Intel® oneAPI Threading Building Blocks
Ask questions and share information about adding parallelism to your applications when using this threading library.

Access to Thread Local Storage via TBB

christian_roessel
1,507 Views
Hi,

thanks for the great TBB library!

I have a timestep-based simulation where I use parallel_for every timestep. In order to reduce memory allocations I use several memory pools, stored in a concurrent_queue (actually a pointer to a pool is stored in the queue). In operator(), every task pops a pool-pointer from the queue, performs it's operation over the range and pushes the pointer back to the queue.

Recently I heard about thread-local-storage that can be easily used in Visual Studio (via "__declspec( thread )"). In my case, it would be sufficient to have a pool for each TBB hardware thread. The access to the pool via the concurrent_queue could be omitted in this scenario.

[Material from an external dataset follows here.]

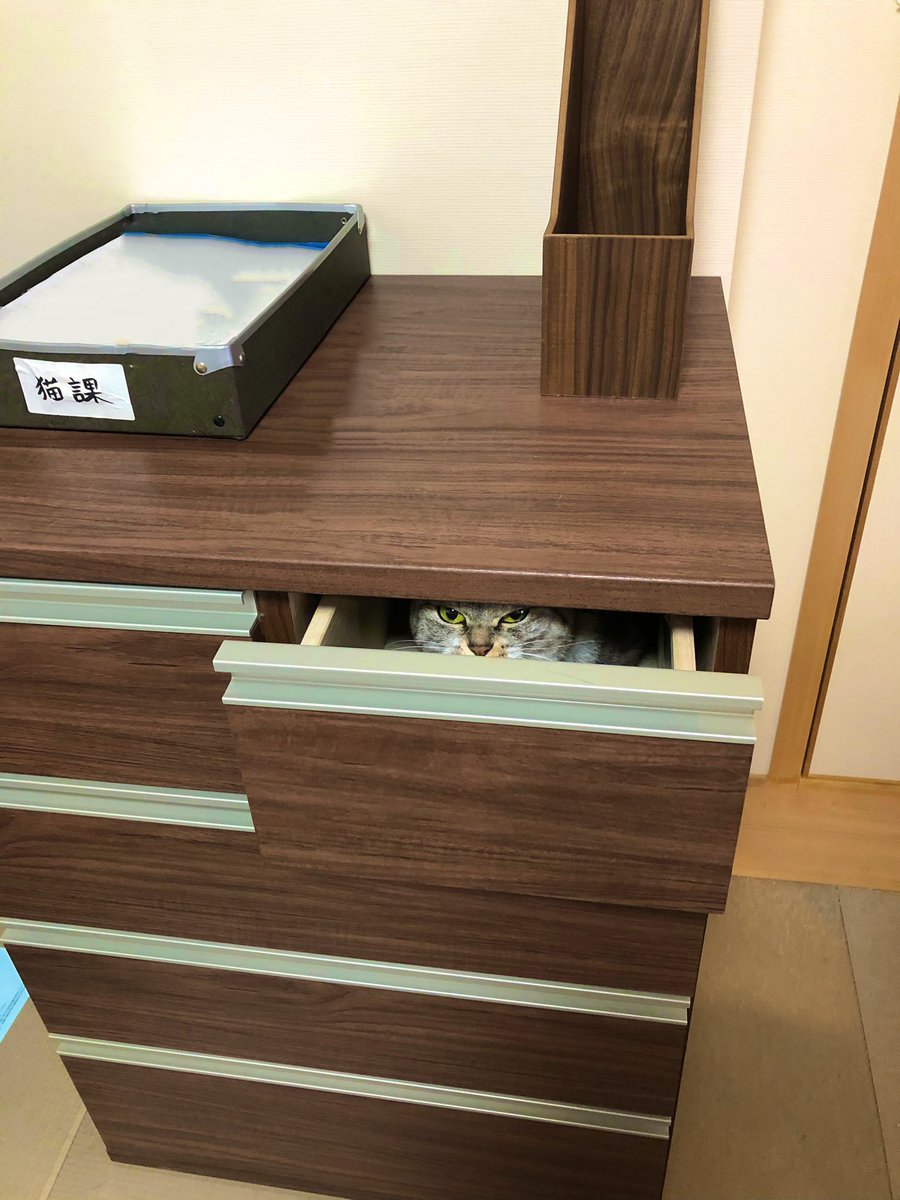 「人見知りなドラえもんっぽいの来てる」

But this only makes sense if the TBB thread-pool is fixed after initialization. Does this assumption hold? If yes, I need to do initialization- and clean-up-operations on my memory-pools. I can't do this in a ctor and dtor because one cannot declare objects with ctor and dtor a thread local (in Visual C++). If I use a parallel_for with grainsize 1 over the number of cores (task-scheduler is initialized with the same number),
task-stealing may happen and not all memory-pools are accessed.

Is there a way to prevent task-stealing? What do you think about the scenario in general. Are there alternatives?

Thanks and regards,
Christian

0 Kudos
6 Replies
RafSchietekat
Valued Contributor III
1,507 Views
Have you determined how much faster your memory-pools approach is than using TBB's allocator? For example, using a concurrent_queue will not help keep memory local to the cache of the thread that last used it, something TBB's allocator will do for you.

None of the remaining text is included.